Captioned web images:
((

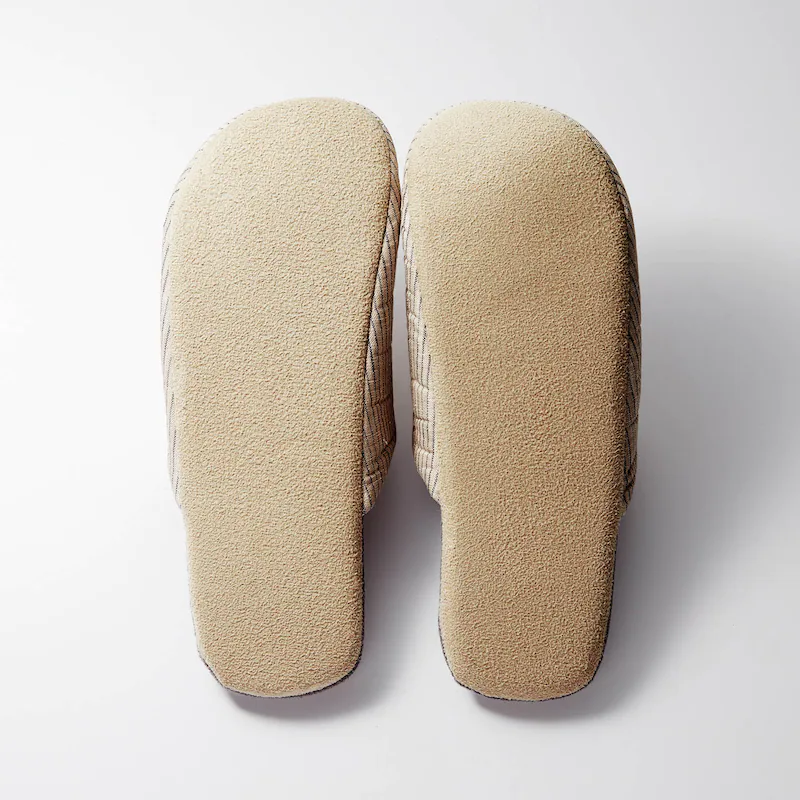 日本千趣會 - 棉麻質感無印風室內拖鞋-直條紋-灰杏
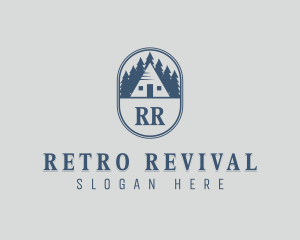 Retro Forest Cabin logo design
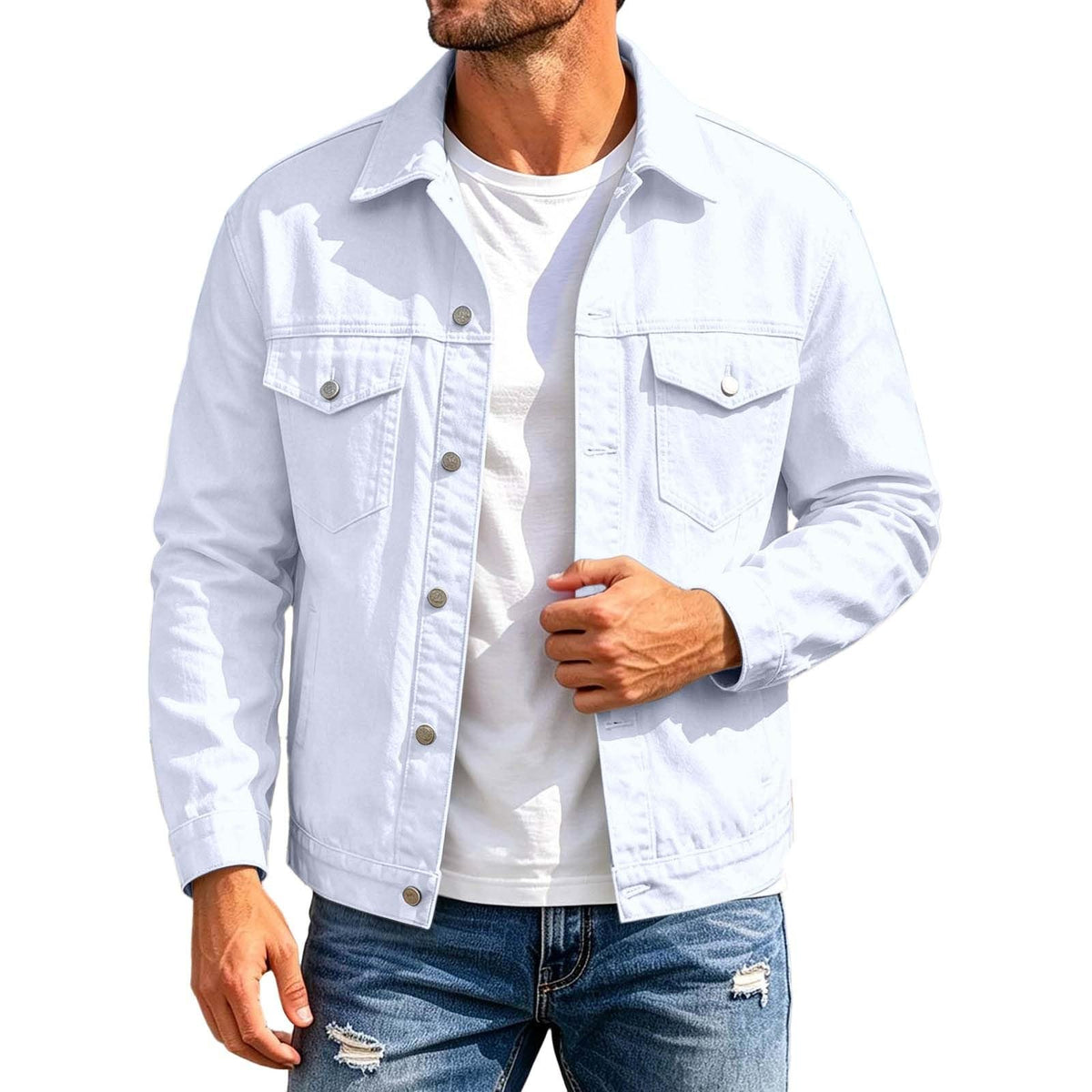 Mens Jacket Button Down Collared Lightweight Outdoor Sport Coat with Pocket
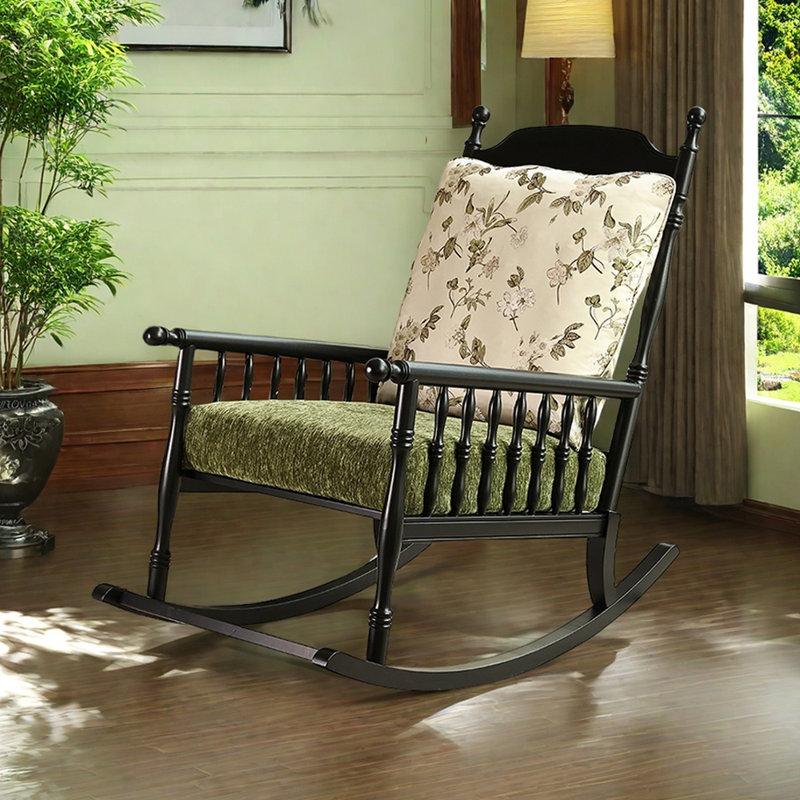 Chaise berçante à haut dossier en bois massif Retro balcon, Noir, Vert / Beige
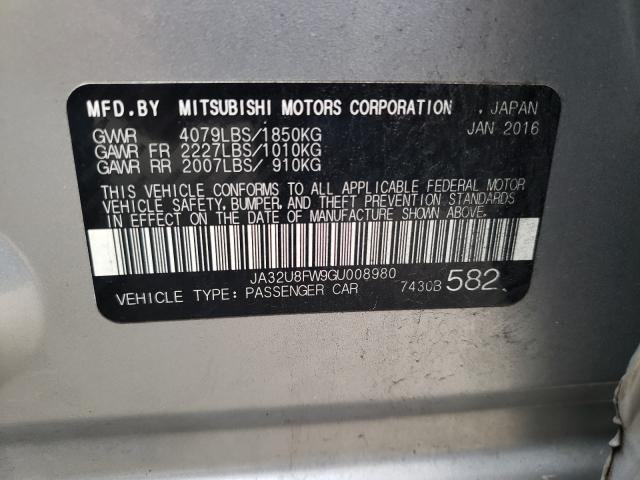 2016 MITSUBISHI LANCER GT JA32U8FW9GU008980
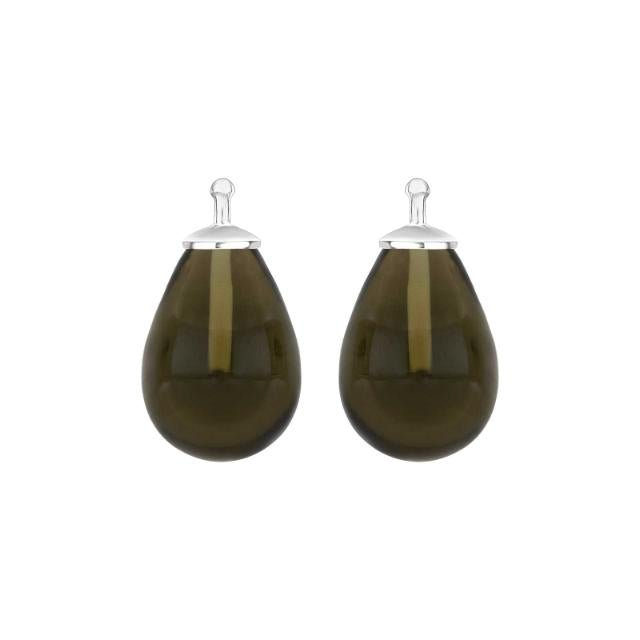 Bøhmisk kvartsglas dråbe farve97 m/rh sølv - par - Urma.dk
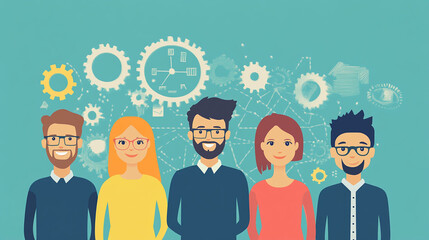 Wall Mural - strengths, team members, business success, harnessing, individual, collaboration, teamwork,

))

* EXERCISE: Retype exactly the lines above, starting at the line containing "Retro Forest Cabin logo design" and ending with the last line, both included; leave out the pictures.

* EXERCISE RESPONSE:
 Retro Forest Cabin logo design
 Mens Jacket Button Down Collared Lightweight Outdoor Sport Coat with Pocket
 Chaise berçante à haut dossier en bois massif Retro balcon, Noir, Vert / Beige
 2016 MITSUBISHI LANCER GT JA32U8FW9GU008980
 Bøhmisk kvartsglas dråbe farve97 m/rh sølv - par - Urma.dk
 Wall Mural - strengths, team members, business success, harnessing, individual, collaboration, teamwork,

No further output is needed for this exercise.